No Prob - here's some pics, with the 2.5" bit of curly maple I intend to cut incidentally:



















So from the photos, the motor data plate [old one eh??!!]  2.8 /1.4 amps... not sure what that means, but 1/6 HP and 1725 RPM, the bandsaw says on it 900rpm.

The saw, no name anywhere - cast iron - it weighs a ton & you can see someone has extended it a bit.
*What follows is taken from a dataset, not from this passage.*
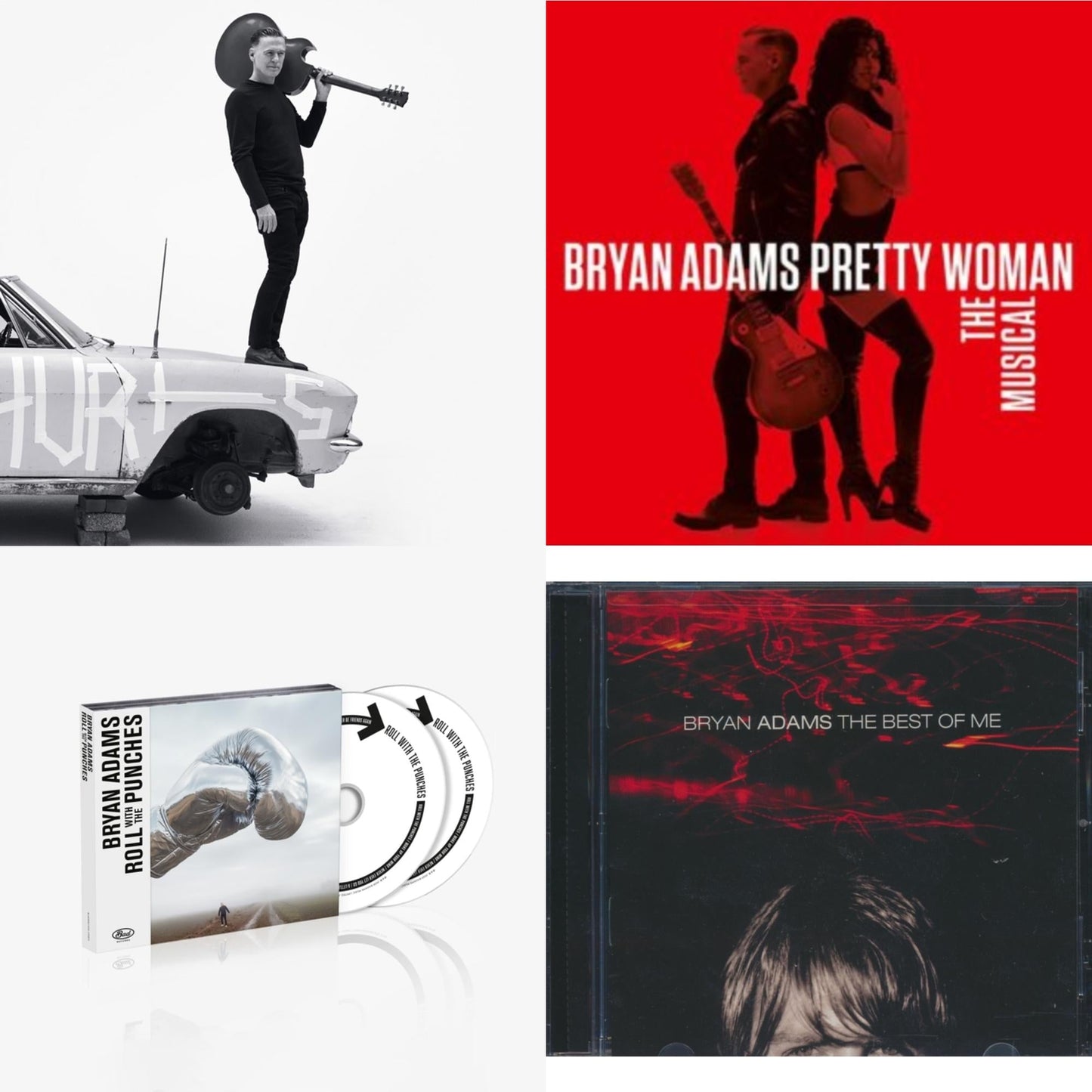 So Happy It Hurts (Super Deluxe/2CD) & Pretty Woman - The Musical & Roll With The Punches (Deluxe) & Best Of Me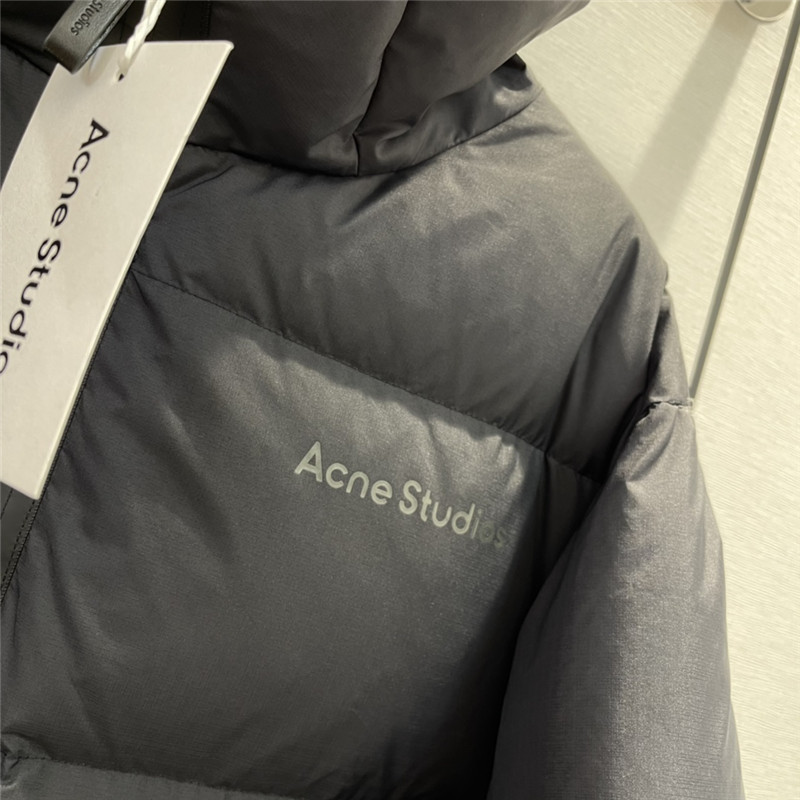 Acne Studios hooded drawstring waist down jacket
- that's a 1/2 inch blade so looking at 6tpi
- there is no rubber on the wheels, metal on metal ~ there's supposed to be tires??
- both types of guides brass bushings & wheel guides, I can see already the bottom one is not sup[posed to be touching the blade. the top guides come nowhere close to the blade no matter how I adjust it - I'm just wondering if that guidepost is from a different machine
- blade seems sharp, but it's no big deal to try replacing it. at least I now know how to measure it ;)
- this thing is 40/50 years old - no owners manual. lots of parts have been replaced with "whatever" both wheel covers look handmade as well as the "riser" several bolts and screws also.
- when it binds up everything stops, motor, pulleys etc. I did get it to cut that 2" piece of walnut after a bit of extra tensioning the motor down, but I had to feed it REALLY slowly



Thanks for the pointers, I got a few more tuning things to try - but more questions!! HA!

- I can use a thicker 3/4" blade on that?
- can I use it to cut metal [with the appropriate blade of course - I suppose I will have to do some math and get some different sized pulleys for metal cutting speeds]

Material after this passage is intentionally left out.